## [ASSIGNED TASK]
For each record, copy the text exactly and omit any picture it holds.

## [EXCERPTED RECORDS]

++++++++++

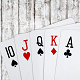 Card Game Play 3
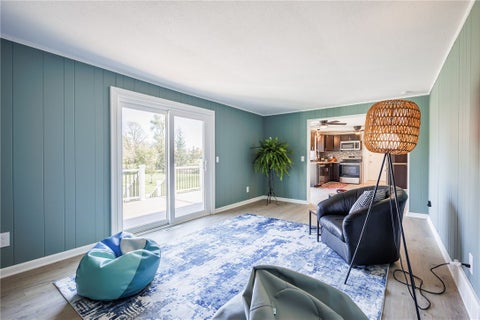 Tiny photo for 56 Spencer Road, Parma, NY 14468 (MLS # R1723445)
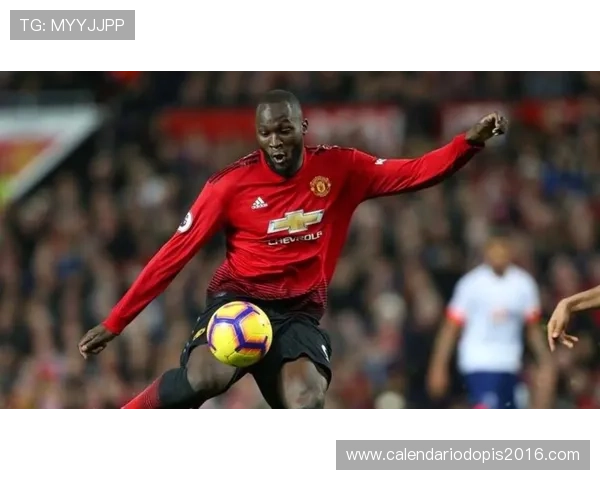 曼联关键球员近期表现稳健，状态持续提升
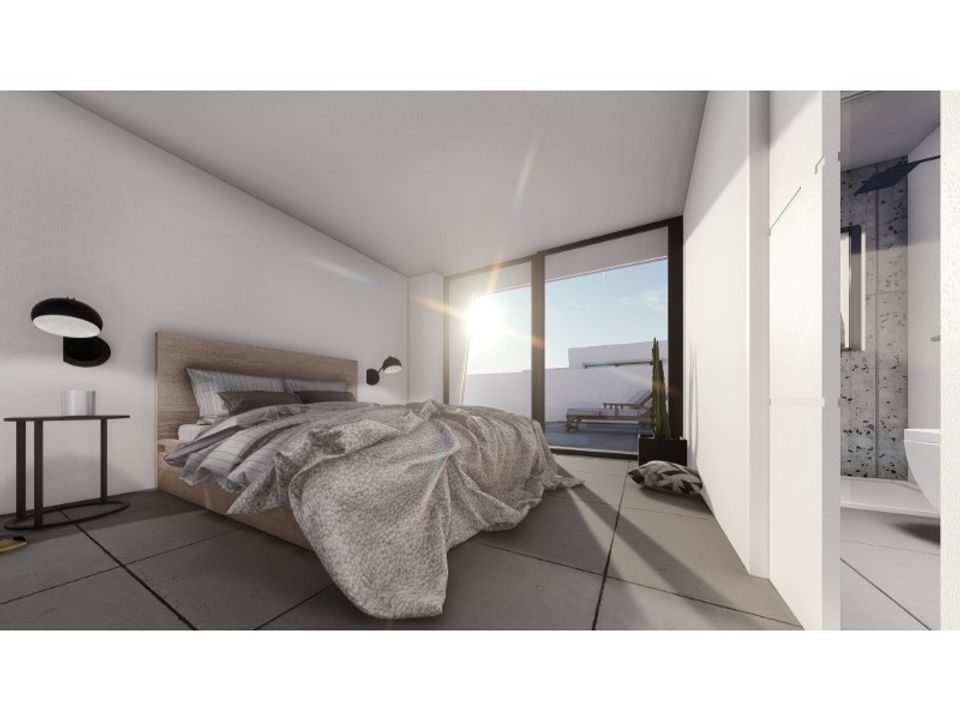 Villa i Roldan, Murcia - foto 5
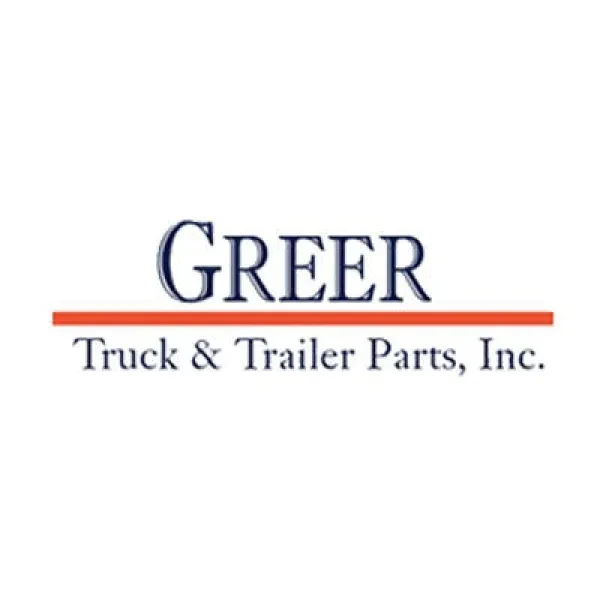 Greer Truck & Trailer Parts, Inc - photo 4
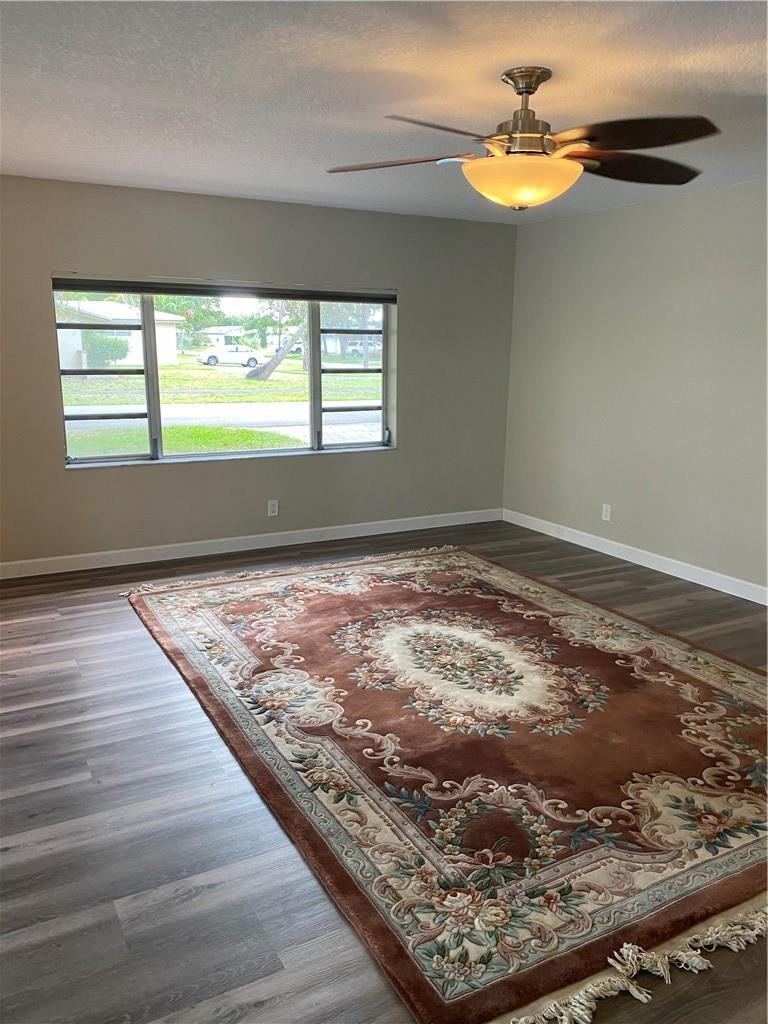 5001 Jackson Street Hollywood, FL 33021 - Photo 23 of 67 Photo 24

++++++++++

## [SOLUTION]
 Card Game Play 3
 Tiny photo for 56 Spencer Road, Parma, NY 14468 (MLS # R1723445)
 曼联关键球员近期表现稳健，状态持续提升
 Villa i Roldan, Murcia - foto 5
 Greer Truck & Trailer Parts, Inc - photo 4
 5001 Jackson Street Hollywood, FL 33021 - Photo 23 of 67 Photo 24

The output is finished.